====== Exercise materials ======

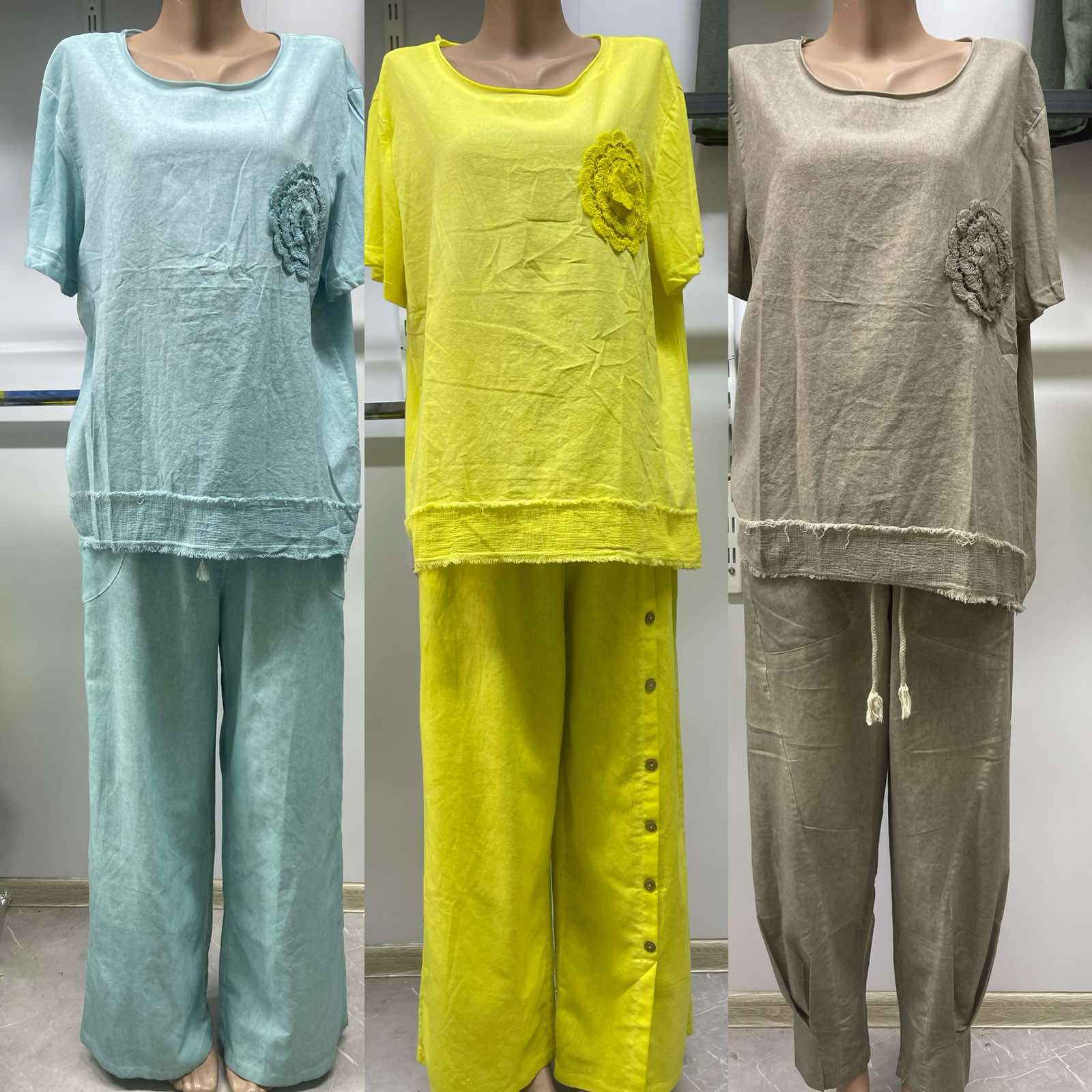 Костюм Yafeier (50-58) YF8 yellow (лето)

======
====== Exercise materials ======

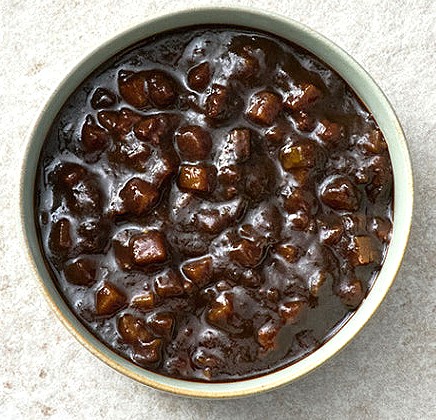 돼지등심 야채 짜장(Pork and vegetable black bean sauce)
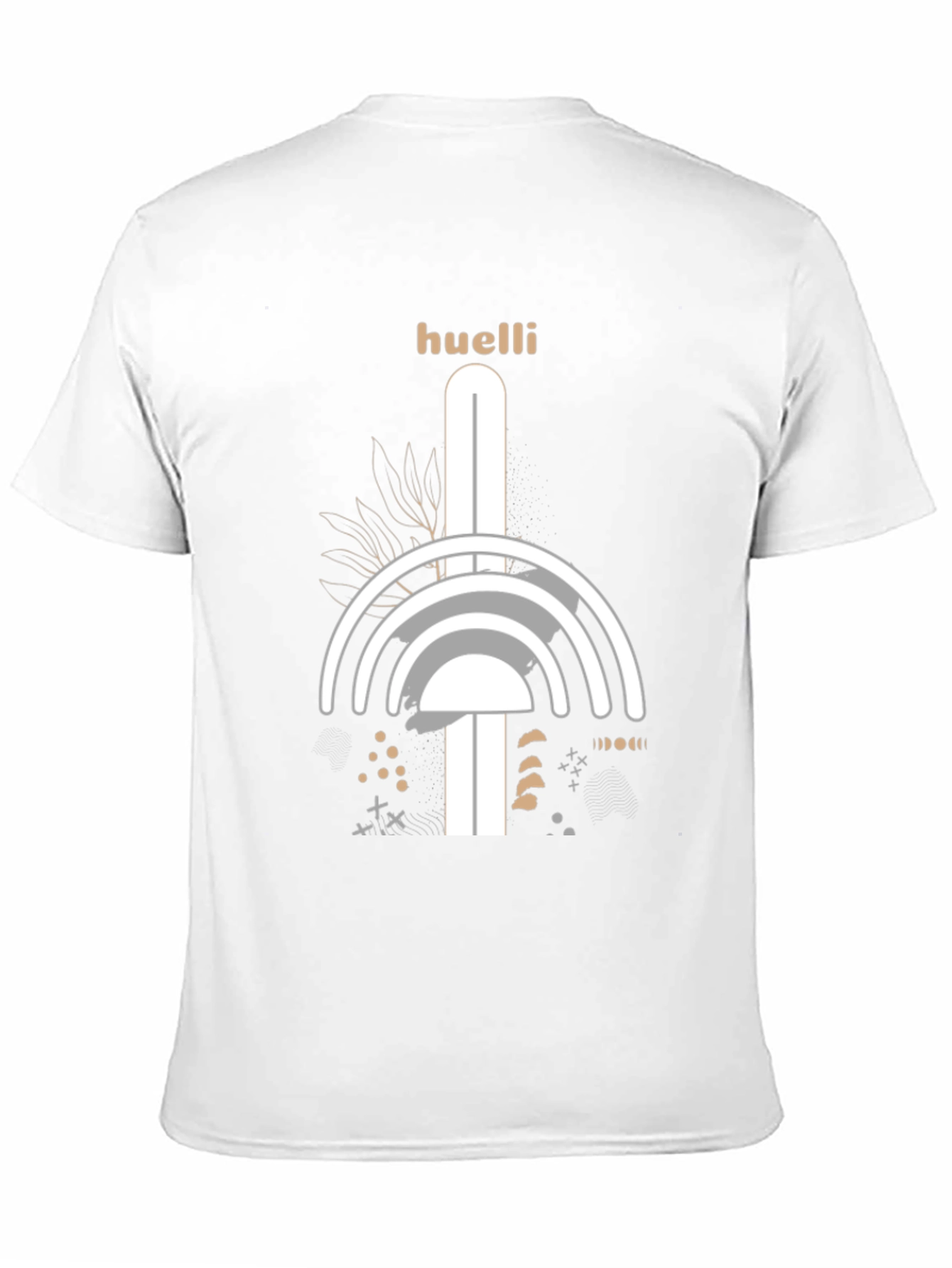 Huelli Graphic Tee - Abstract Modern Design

======
====== Exercise materials ======

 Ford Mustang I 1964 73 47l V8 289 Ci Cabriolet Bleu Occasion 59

======

- Problem description -
Where a picture appears in the records above, omit it, and transcribe exactly the stretch of lines from the one with "돼지등심 야채 짜장(Pork" through the one with "Huelli Graphic Tee - Abstract Modern Design".

- Task answer -
 돼지등심 야채 짜장(Pork and vegetable black bean sauce)
 Huelli Graphic Tee - Abstract Modern Design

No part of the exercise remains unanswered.